Monday, November 19, 2007

Holiday Wine and Food Survival Strategy #1: Leftovers and Sauvignon Blanc

It's officially "holiday season." This week marks the beginning of it, and it won't end until 2008. OK, early in 2008. But still. On the list of things that are both joyful and stressful about the holiday season we find food and wine. What to eat, how much to eat, and what to drink with it is such an issue that my traffic triples between November 1 and January 1 with people looking for gifts, menus, and food and wine advice. So what stresses me out during the holidays and how do I cope?
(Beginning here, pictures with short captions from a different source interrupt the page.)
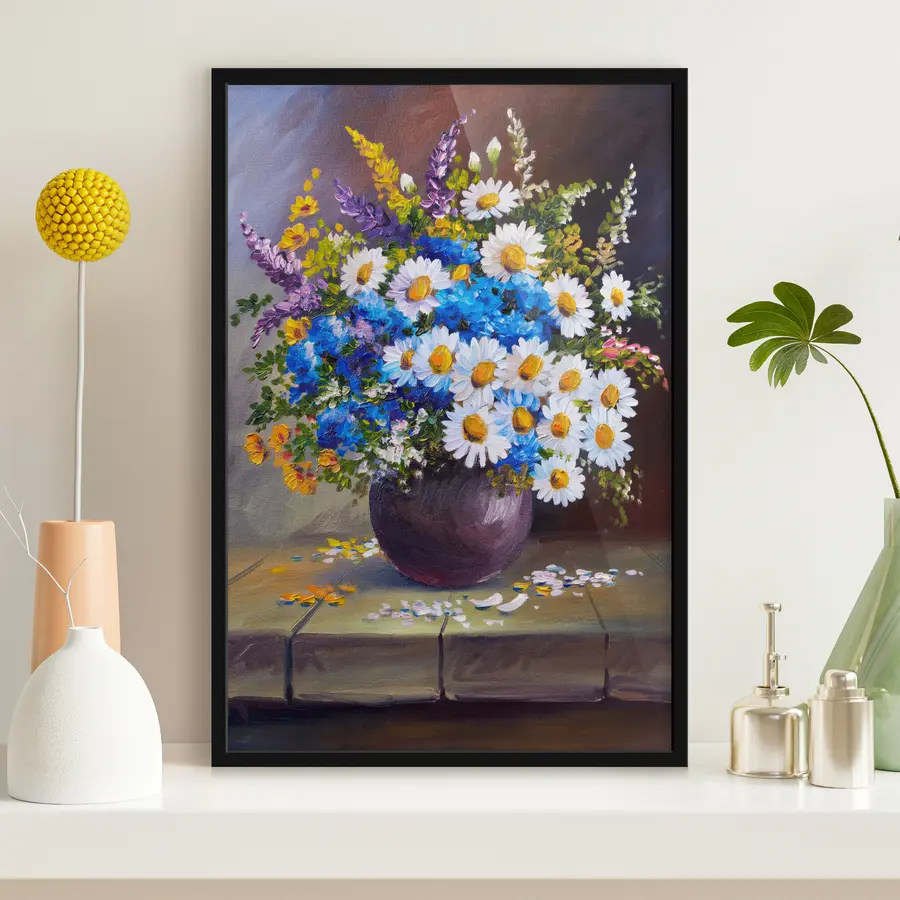 murales de pared Flores vibrantes en un jarrón rústico f29912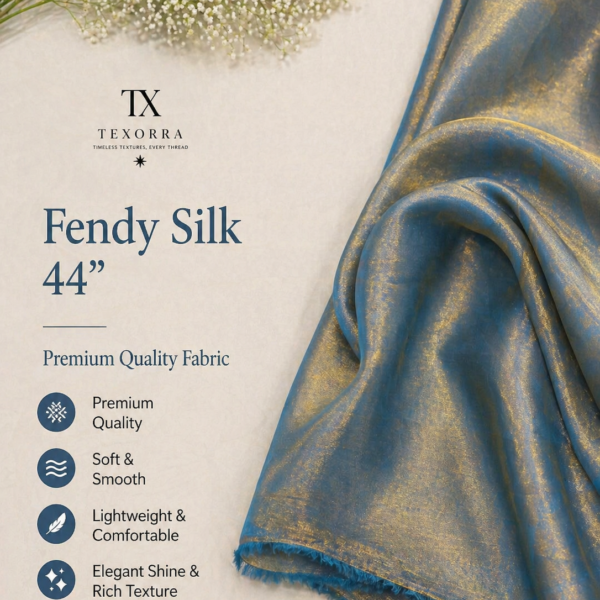 Dual Tone Fendy Silk Fabric (44”) – Gold Teal Premium Finish
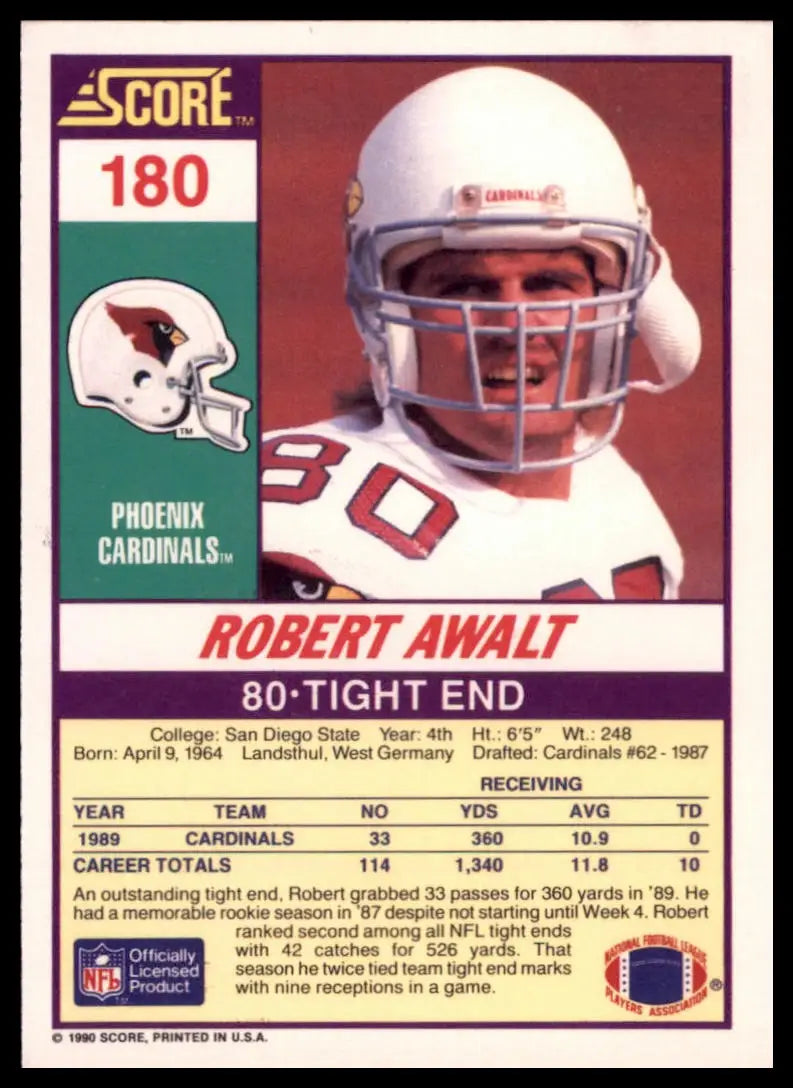 1990 Score Robert Awalt 180 Phoenix Cardinals NM - Football Card Single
First up: leftovers. I find leftovers stressful. They sit in the fridge chiding me for buying too much food. As they turn green, they chide me for not eating them more quickly. And whatever the leftovers are, I'm usually bored with them--that's why they turn green.
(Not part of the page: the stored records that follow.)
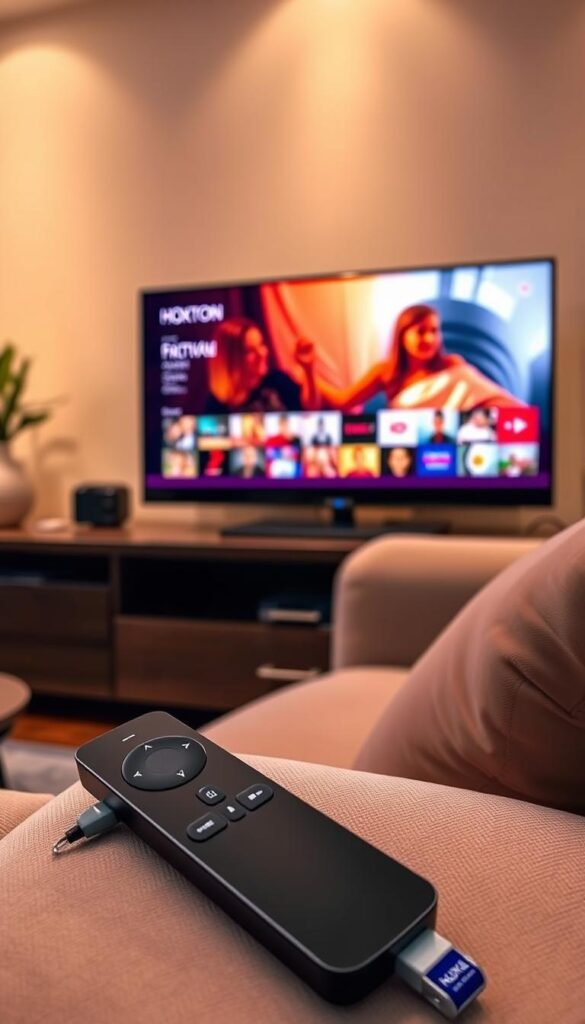 A cozy home entertainment setup with a Roku TV and a Hoxtoon Provider IPTV system, illuminated by warm, diffused lighting. The TV screen displays a vibrant, high-quality image with a vast library of over 150,000 on-demand videos. In the foreground, a sleek, modern remote control rests on a plush, neutral-toned sofa, hinting at the seamless user experience. The background features minimal, elegant decor, creating a serene, inviting atmosphere. The scene conveys a sense of reliability, quality, and customer satisfaction associated with the Hoxtoon Provider IPTV service.
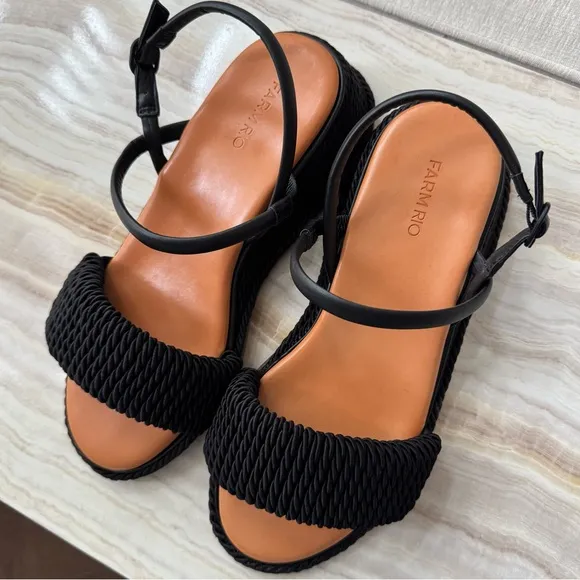NWOT FARM RIO Black Wedge Espadrille Sandals Size: 91.75” heel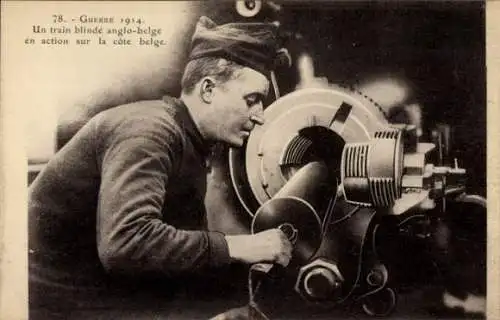 CPA Guerre 1914, Un train blinde anglo-belge en action de la cote belge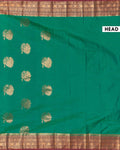 Elegant Soft Silk Saree with Floral Zari Buttas and Traditional Contrast Border - Green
The answer is a 30-minute pot pie courtesy of Rachael Ray. (photo courtesy of FoodNetwork) Even if you normally turn away from Ms. Ray's culinary creations, do not do that now. This is not any old pot pie. No fiddly crusts, no poufy puff pastry from the freezer. We're talking rich, comforting, and creamy pot pies with tiny little peas, carrots (of course), chunks of chicken or turkey, fresh tarragon snipped into the sauce, and then a layer of cheesy polenta on the top. Ms. Ray requests freshly browned chicken bits, but chunks of cooked, leftover bird would be just perfect. This layered beauty gets put in one or several oven proof containers and run under the broiler for a few minutes to get brown and bubbly. Voila. Perfectly unrecognizable leftovers, suitable for immediate eating, for sticking in the fridge and taking out after you get back from the mall so you can warm it in the microwave, and even for sticking in the freezer and warming up on a snow-day when you can't leave the house. I'm fond of single-serving pot-pies that you can do in oven-proof soup bowls or ramekins, but you can certainly make one giant one if you wish.

A great wine that doesn't cost too much and goes with practically everything will only increase your odds of holiday survival. A perfect partner for the pot-pie (and scores of other foods to numerous to mention) is the very good QPR 2006 St. Supery Sauvignon Blanc. I received this from the winery as a sample, but you can easily get yours for between $12-$20. This California sauvignon blanc is made with a nod to New Zealand's Cloudy Bay, but because it possesses Napa Valley fruit it is rounder and riper. Aromas of pink grapefruit, lemon, and chalk are juicy and fresh and very enticing. Flavors of pink grapefruit, apple, and mineral are the perfect follow-through to these aromas. I found the mineral note very distinctive, and it made the wine really stand out for me. Furthermore, this wine was rich and medium-bodied, but not oaky. This proves that you don't have to reach for the oak if you want a fuller sauvignon blanc. This was well-made and a definite rebuy as far as I was concerned.

With potpies and sauvignon blanc waiting in the wings, I am confident I will survive. At least until next Sunday!

6 comments:

Wine Scamp said...

Any survival strategy that involves savory comfort food coming out of the oven and St. Supery SB is a good one! Nice take on the upcoming holiday stress, and excellent advice.

Keep them coming!

Sonadora said...

Sounds like an excellent plan. We ate our turkey for two weeks last year. It got made into soup, pot pies, croquets, sandwiches, and I believe even omlettes one night....we were desperate. Though this seems like a great twist with the polenta on top.

Jill said...

sort of beside the point but I love those bowls...are they iittala or something???

Jeff said...

I love the idea. I can't stand to eat leftovers in their original form. If I don't turn them into something different, I just end up throwing them out.

Dr. Debs said...

I'm telling you, these are mighty fine pot pies. Even one pot pie skeptic was convinced. And Sonadora's right: the polenta is the kicker. Try them Jeff! And Jill, those are little Finnish iittala bowls. I am terrified to put mine in the oven though you can because they were bought in Finland and remind me of freezing my a$$ off there in March so I used plain white #4 souffle dishes. If you are interested in the iittala dishes, there is a complete set, complete with (my favorite) egg cups for your breakfasts!

foodette said...

You're right - that does sound good! (And much better than her deviled ham recipe I wrote about on my blog, lol.) I am also planning on making turkey pot pie (and now am thinking of replacing the crust with polenta) and turkey enchiladas. The leftovers may be better than the real thing!